Sean O’ Casey(1880 – 1964) was an Irish dramatist and memoirist. A committed socialist, he was the first Irish playwright of note to write about the Dublin working classes.
Of the dramatists who made vital contributions to the rise the Abbey Theatre in Ireland, Sean O’ Casey is definitely conspicuous figure. In fact, his dramatic works, coming after the first World War, constitute an important milestone in the literary history of the Abbey Theatre.
Of course, Sean O’ Casey did not write many plays. His connection with the Abbey Theatre, too, did not last long. His two important plays, produced in the Abbey Theatre, are Juno and the Paycock (1925) and The Plough and the Stars (1926). His two remarkable other plays, performed outside the Abbey Theatre, include The Silver Tassie, written in 1928, and Red Roses for Me, performed during the Second World War, 1943.

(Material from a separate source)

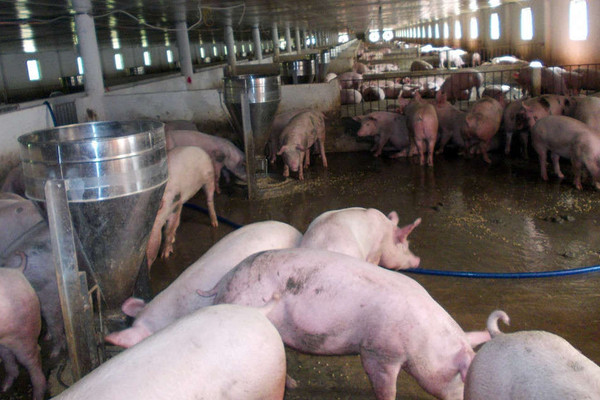 Quảng Nam ra công văn “khẩn” ứng phó dịch tả lợn châu Phi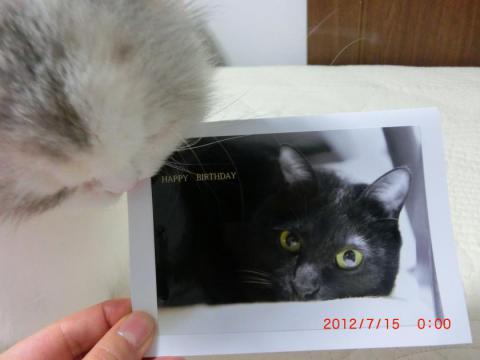 CIMG2020_convert_20120715172000.jpg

In Juno and the Paycock, the place of action is a Dublin tenement, set against the background of the civil war between the Free Staters and the Republicans. The heroine of the play, Juno Boyle, is a poor woman in financial hardship, brought about by her husband Captain Boyle’s thriftlessness and drunkenness. She is a woman of practicality and fortitude but has to suffer intensely, while her husband spends freely and piles up debts. There is a sad affair of their daughter Mary who becomes pregnant and is abandoned by her schoolmaster lover. Their son John turned one-armed and neurotic in the civil war, is shot by his own comrades as an informer. The play is all a tragedy, with the heroine, representing suffering Irish womanhood. She is left with only a poor dead son, and she takes her grief as an inevitable casualty and prays to Jesus, ‘Given us Thine own eternal love.” She comes here very close to Synge’s memorable character Maurya in Riders to the Sea.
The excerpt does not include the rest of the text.